Task description: Would you retype, word for word, only the lines from the one holding "Apartamento à venda" through the final line of the entries below, without the pictures?

(Collection entries)
========

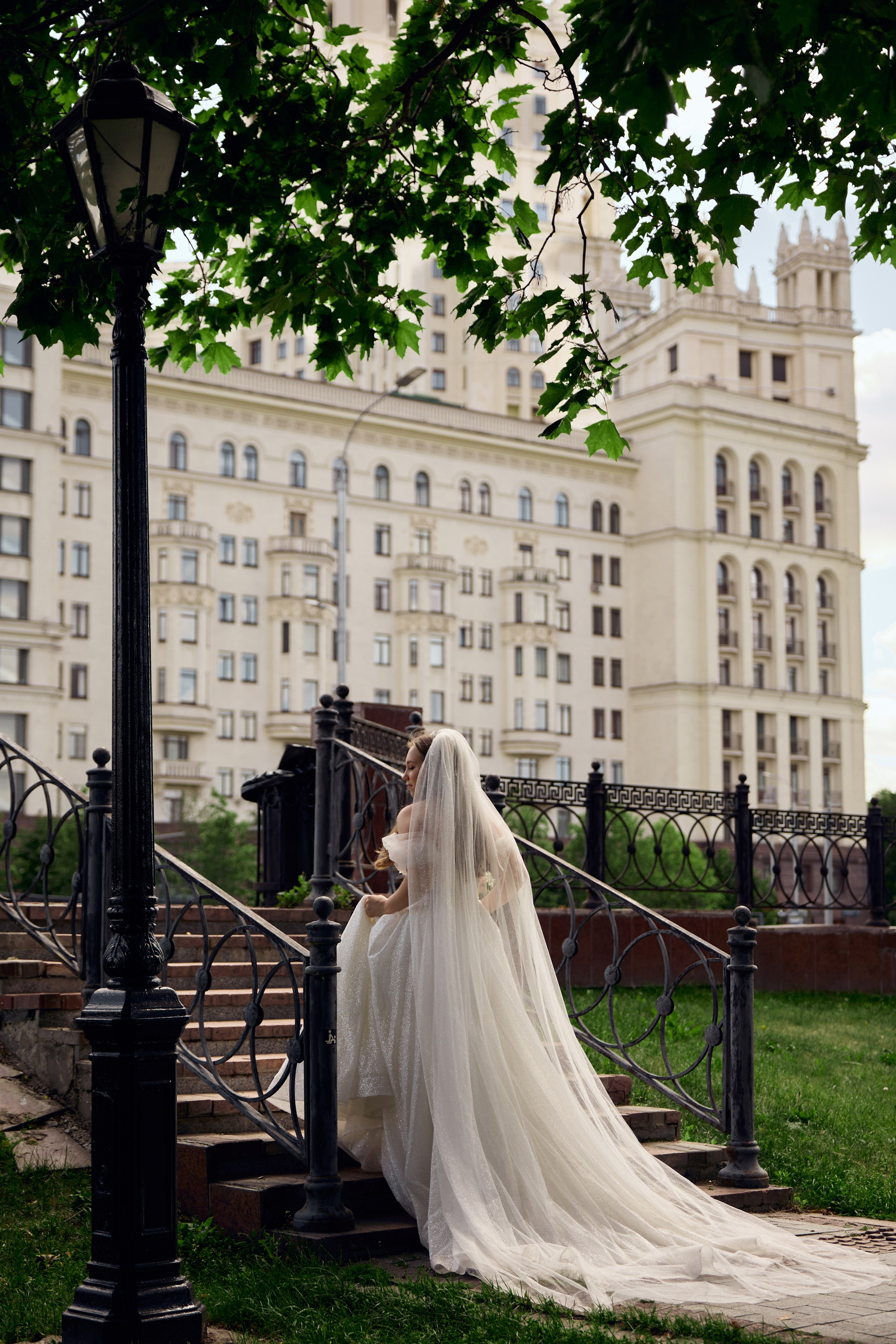 Дарья и Никита. Любовь Юсупова. Фотограф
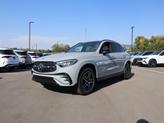 Thumbnail of 2026 Gray Mercedes-Benz GLC 300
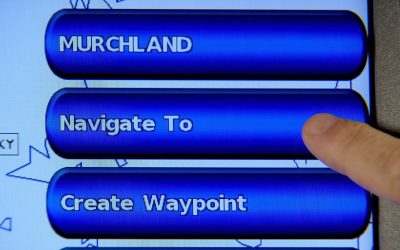 Routing and g2 Vision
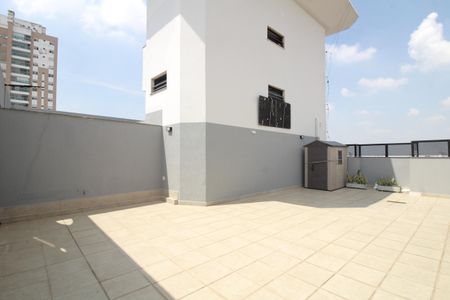 Apartamento à venda com 334m², 4 quartos e 4 vagasRooftop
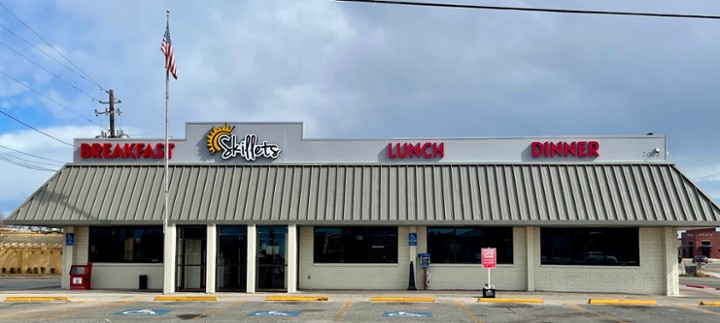 Restaurant banner image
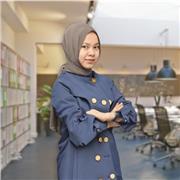 Experienced Indonesian language tutor for children and adults worldwide.
Erfahrene Indonesisch-Lehrkraft für Kinder und Erwachsene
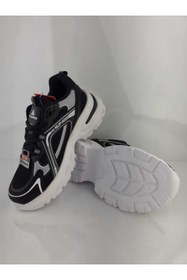 Resim BeLq MC jamper BUZ-FÜME-PUDRA kadın spor ayakkabısı 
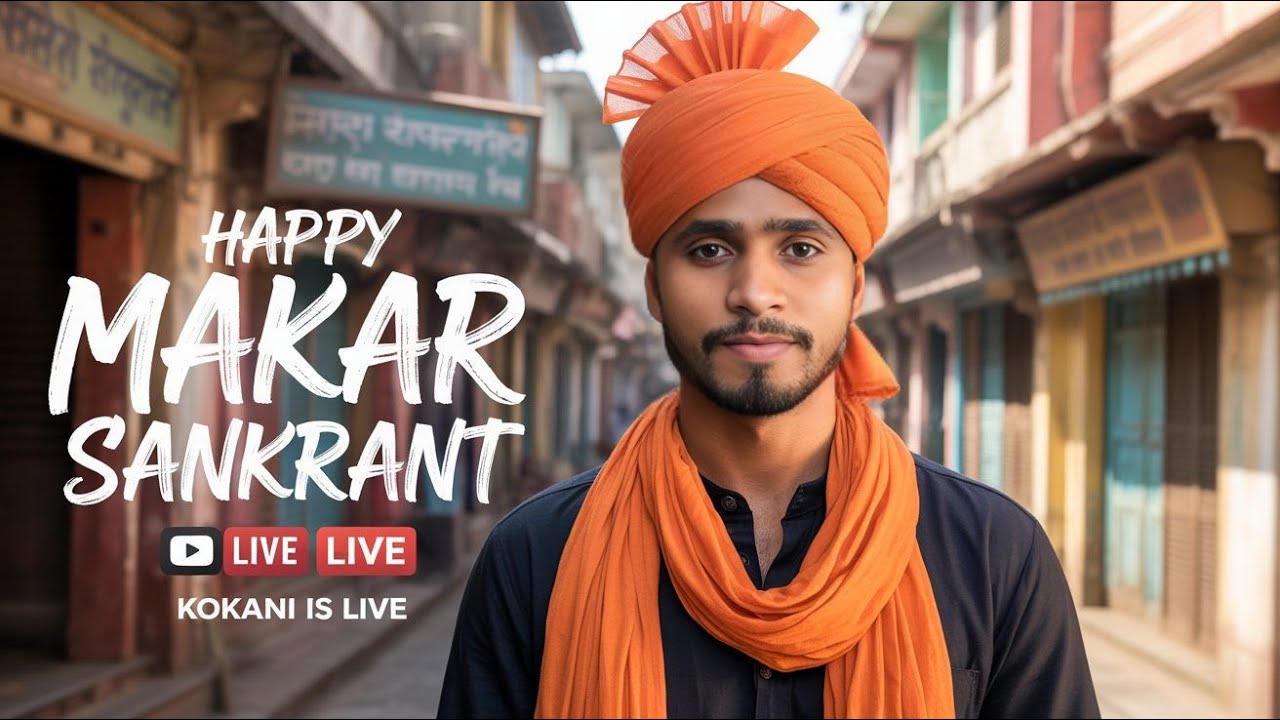 मकर संक्रात निमित्त गाठ भेट BGMI LIVE 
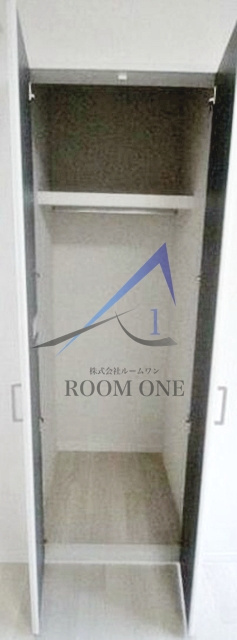 ｗｉｔｈ　ｐｌｕｎｔｓ　北町の収納|収納です。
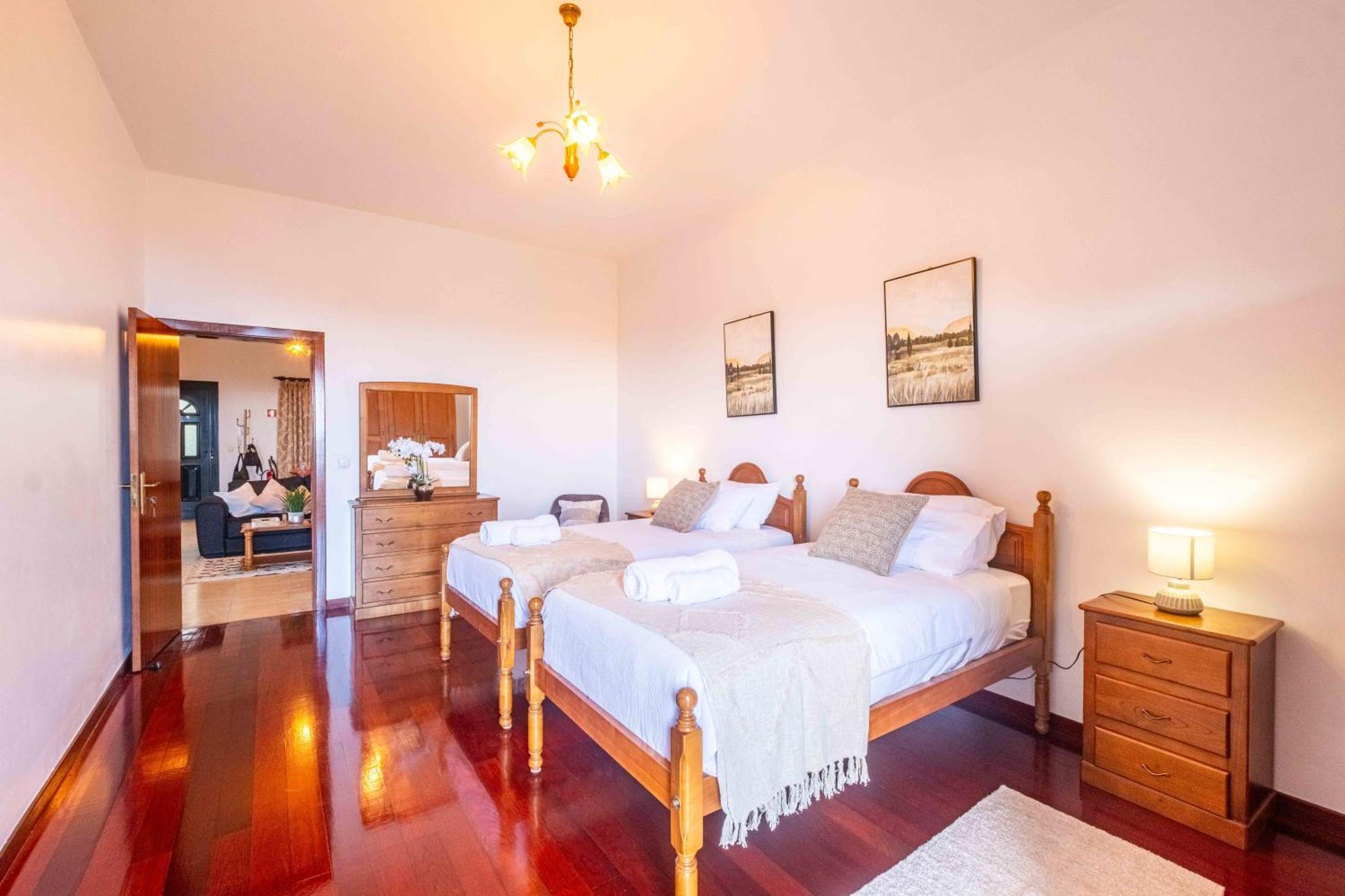 Villa Garden Santana By Your Key Exterior photo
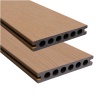 Vlonderplank Composiet Eiken Woodbrushed 14 x 290cm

========

Answer for the task:
 Apartamento à venda com 334m², 4 quartos e 4 vagasRooftop
 Restaurant banner image
 Experienced Indonesian language tutor for children and adults worldwide.
Erfahrene Indonesisch-Lehrkraft für Kinder und Erwachsene
 Resim BeLq MC jamper BUZ-FÜME-PUDRA kadın spor ayakkabısı 
 मकर संक्रात निमित्त गाठ भेट BGMI LIVE 
 ｗｉｔｈ　ｐｌｕｎｔｓ　北町の収納|収納です。
 Villa Garden Santana By Your Key Exterior photo
 Vlonderplank Composiet Eiken Woodbrushed 14 x 290cm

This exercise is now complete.